Accelerating AI/Deep learning models and optimising server resources using TensorRT and Triton Inference Server
22 January 2021
Written by Hung Minh Nguyen, AI-Data Engineer
Model Serving problem
AI/Deep learning models have been dominating in many services that required human intervention. However, to bring AI services online, engineers may encounter many issues. Model maintainability, efficiency, security, and reusability are usually common problems in production deployment. Firstly, researchers tend to use different frameworks (Pytorch, Tensorflow, MXNet) and various SOTA networks (Resnet, Transformer, RNN...) to achieve the accuracy as high as possible. Moreover, this may cause maintainability troubles for engineers in model integration. Secondly, most of the time, an end-to-end AI service is a combination of several models. When services need to be deployed multiple times due to service requirements (such as QPS and latency), this often leads to GPU usage efficiency and model reusability issues. In this blog, we will discuss how to solve these problems by using TensorRT and Triton Inference Server (Triton), and how we serve our AI/deep learning models in production.
TensorRT is NVIDIA's parallel programming language built on CUDA. It optimises inference time and GPU usage for AI/Deep learning models trained by other frameworks (Pytorch, TensorFlow, MXNet). TensorRT also supports different precision inference INT8 and FP16 that can reduce the latency.
TensorRT and Pytorch benchmark (batch size 32)
Here we compared the inference time and GPU memory usage between Pytorch and TensorRT. TensorRT outperformed Pytorch in terms of the inference time and GPU memory usage of the model inference using (smaller means better). We used the DGX V100 server to run this benchmark.
Triton Inference Server
There are a couple of available model-serving solutions including TFServing and TorchServe (still experimental at this time). Each of them, however, only focuses on Tensorflow or Pytorch model deployment, respectively. We have chosenTriton, developed by NVIDIA, as our model serving due to its features below:
Triton supports hosting/deploying models from different frameworks (TensorRT, ONNX, Pytorch, TensorFlow) and provides a standard model inference API which eases maintainability effort for engineers.
Dynamic batching inference
Model inference in parallel (concurrency): different deployed model instances can run in parallel. * Model reusability and microservice: different clients/services can share a single model.
Model repository: model files can be stored on the cloud (AWS s3, Google Cloud Storage) or local file system. Even if a model is running on Triton, Triton can still load the new model or new configuration updated from the model repository. This also provides better model security and a better model upgrade mechanism.

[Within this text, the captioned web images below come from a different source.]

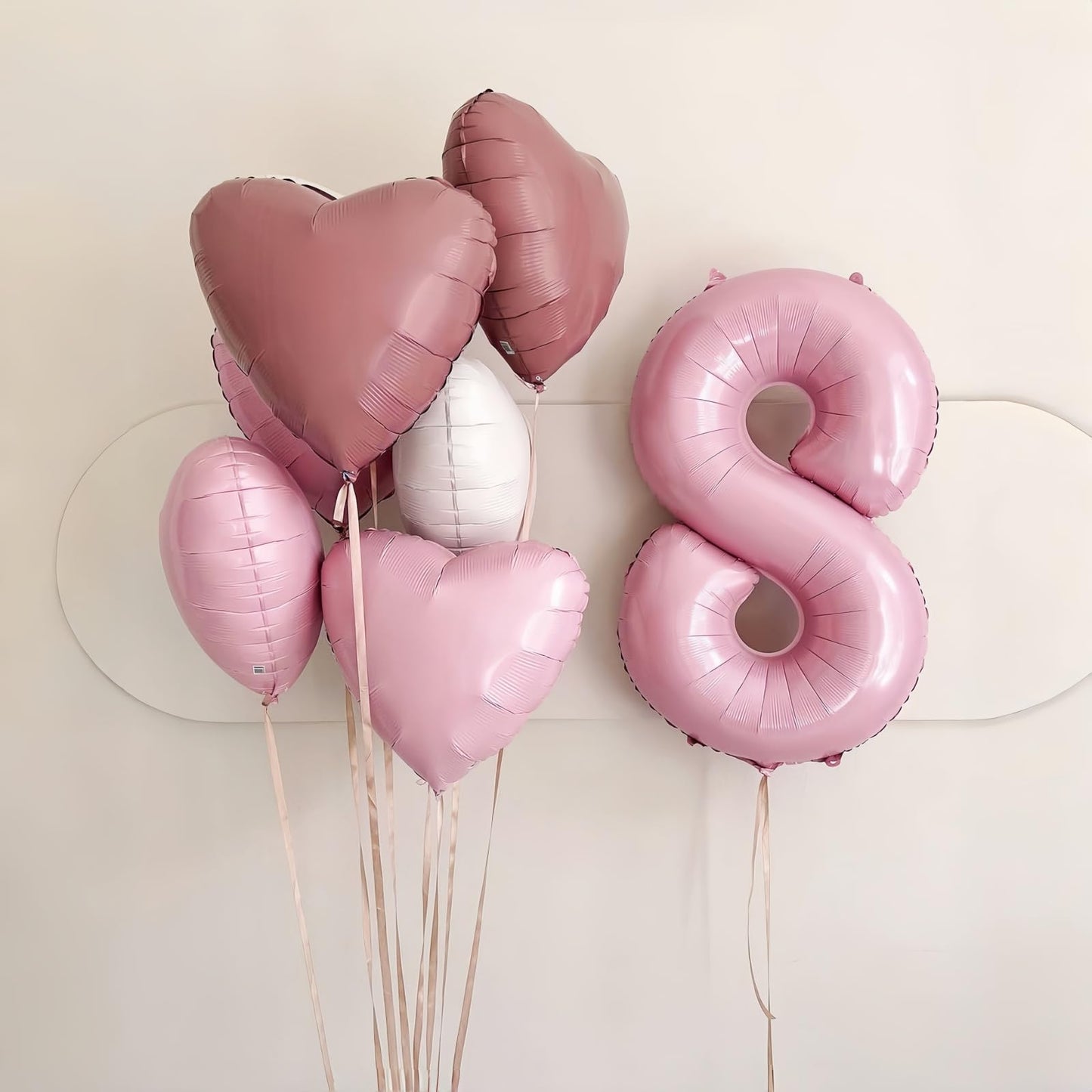 Lingqiang Pastel Pink 40-Inch Foil Number 8 Balloon – Giant Birthday & Celebration Digit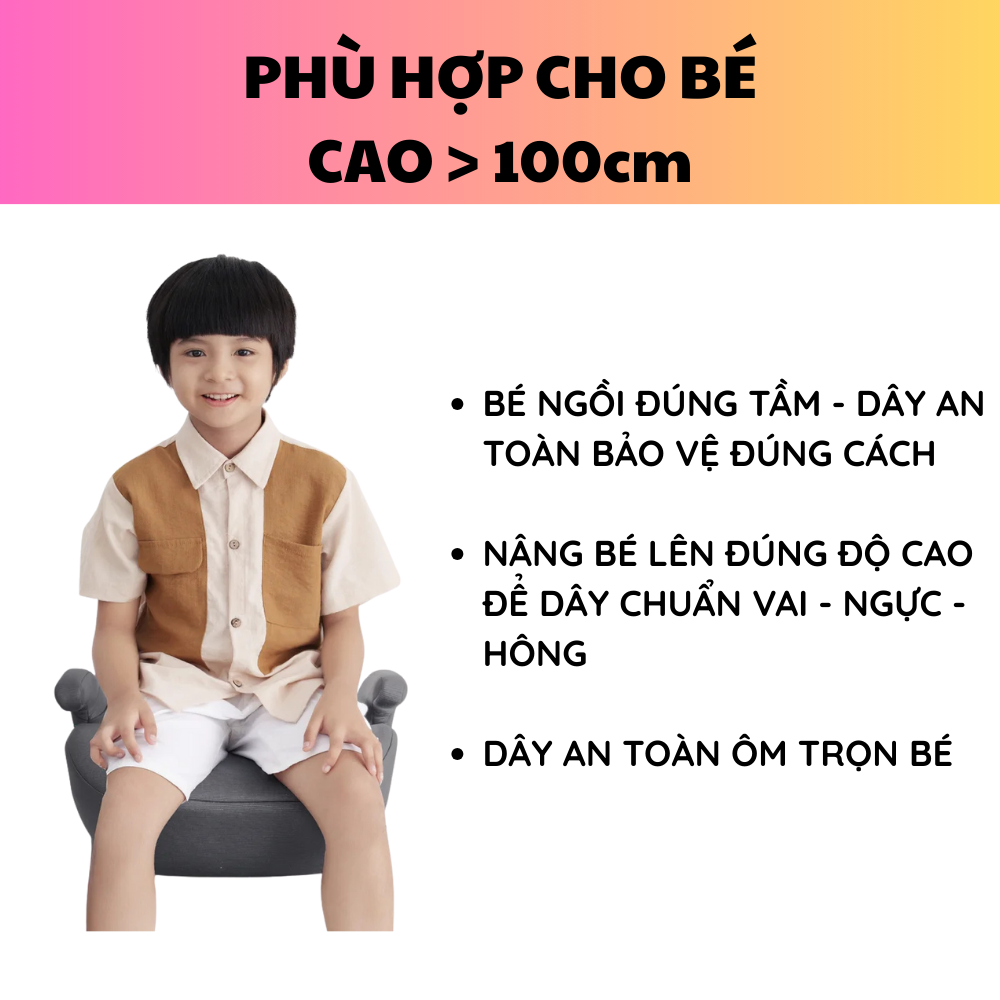 Ghế Ngồi Booster Ô Tô Cho Bé Chuẩn Quốc Tế Chính Hãng AYAEL BFL310 Đạt I-Size R129 (Cao trên 100cm)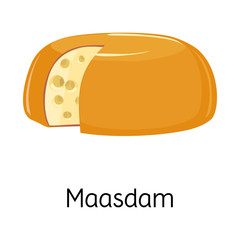 Isolated object of cheese and maasdam symbol. Web element of cheese and piece stock vector illustration.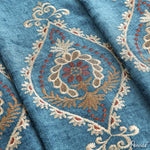 Luxury Curtain ANVIGE European Blue Embroidered Curtains Fashion Valance,Blackout and Sheer Window Curtain With Grommet Top,52''Wx84''L,1 Panel roman shades roman blinds curtains window treatment window shade window blind customized roman shades curtain drapes curtains for living room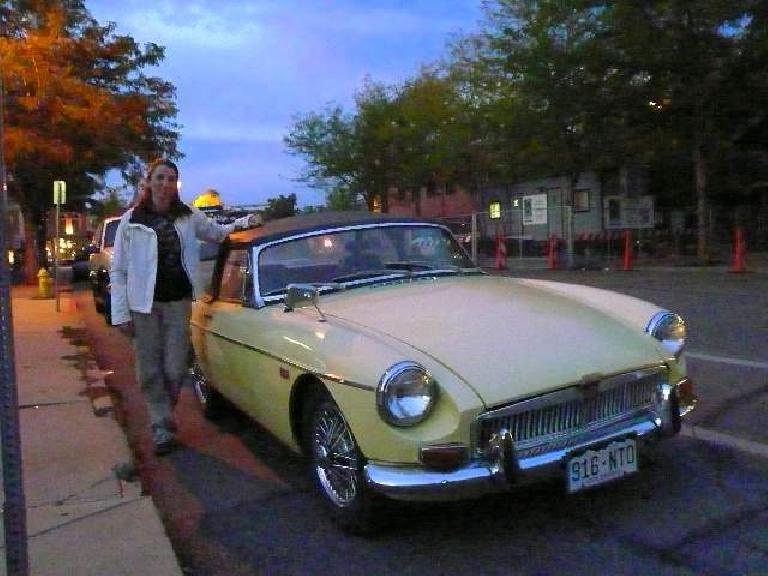 [September 15, 2007] Goldie spent the rest of the time under my ownership in Fort Collins, driven only a few hundred miles.  Here she is with Tori (who was visiting for the weekend), who'd be the last person to ride as a passenger.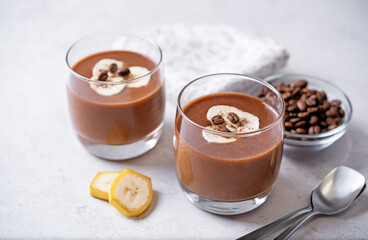 Coffee banana smoothie in a glass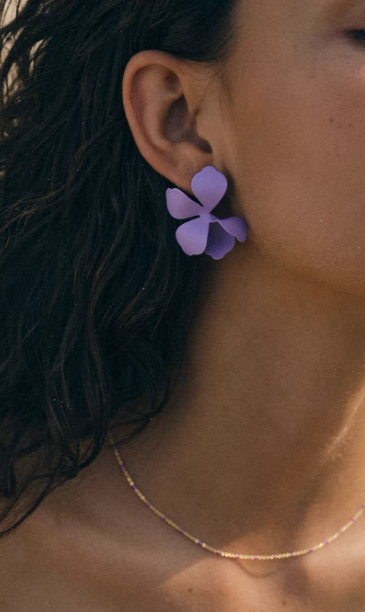 Iris Bloom Petal Stud Earrings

Server monitoring: statistic data of GPU and requests are provided in Prometheus data format.
Two main features that significantly optimise GPU usage are batching inference and concurrency.
With Triton, individual requests are batched and executed together, which improves throughput remarkably but does not pay off too much latency. As we can see below, when we compare batch 8 to batch 1, the QPS improves four times while a little extra latency (from less than 1ms to less than 2ms) needs to be paid. Another point we note that the QPS will not improve after the batch size reaches a threshold. However, the latency will increase instead. From our example, even we increase the batch size to bigger than 16, the QPS is still at about 14000 while the latency keeps increasing along with batch size.
preferred_batch_size: indicates which batch size the inference server should attempt to create before fetching data to the model to run.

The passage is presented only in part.